**TASK INSTRUCTIONS**
Everything in the listing below should be repeated exactly, apart from the pictures.

**DATA**
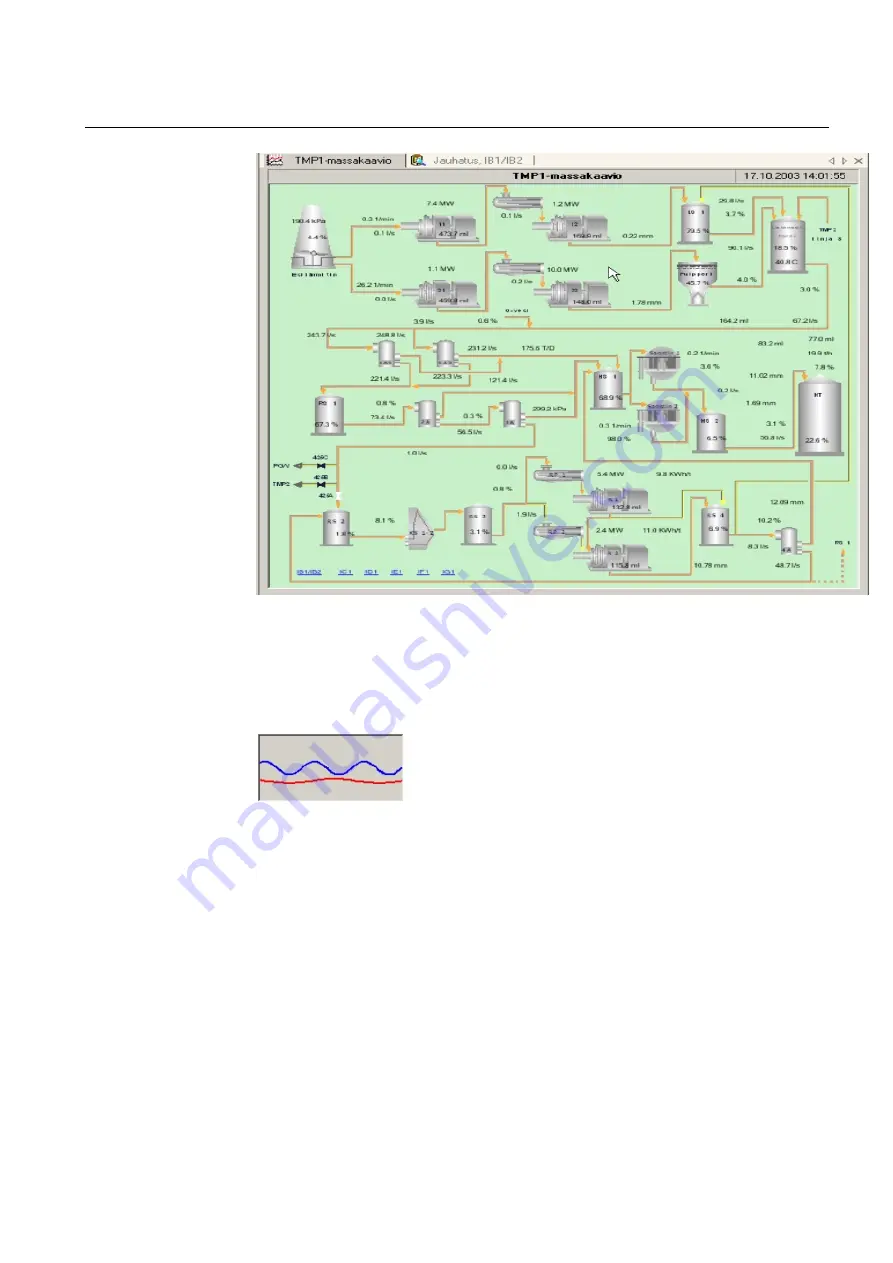 ABB COM600 series Скачать руководство пользователя страница 97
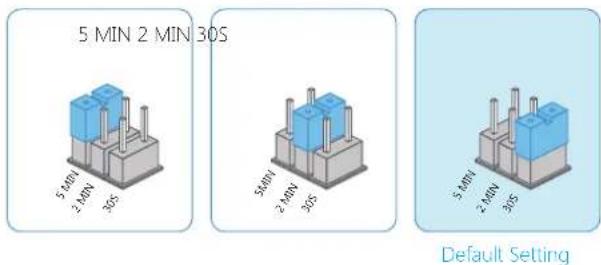 smanos SS2800 - Jumper Setup - 2
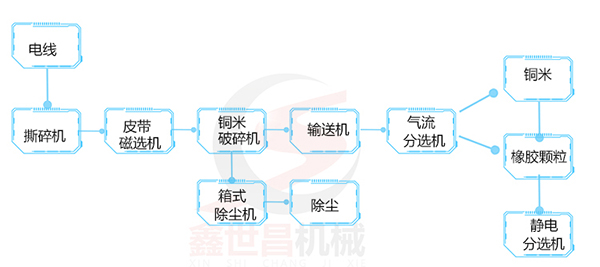 銅線破碎機(jī)工作原理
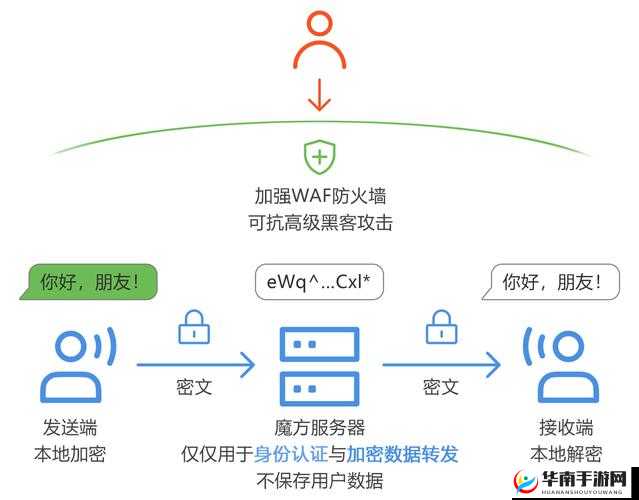 2015小明加密通道在哪些平台上可用？全面解析其应用场景与安全性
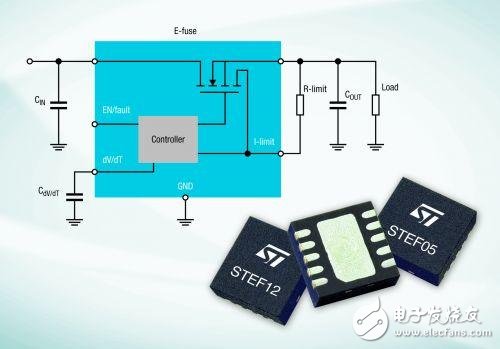 电源管理芯片是什么_电源管理芯片介绍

**EXERCISE SOLUTION**
 ABB COM600 series Скачать руководство пользователя страница 97
 smanos SS2800 - Jumper Setup - 2
 銅線破碎機(jī)工作原理
 2015小明加密通道在哪些平台上可用？全面解析其应用场景与安全性
 电源管理芯片是什么_电源管理芯片介绍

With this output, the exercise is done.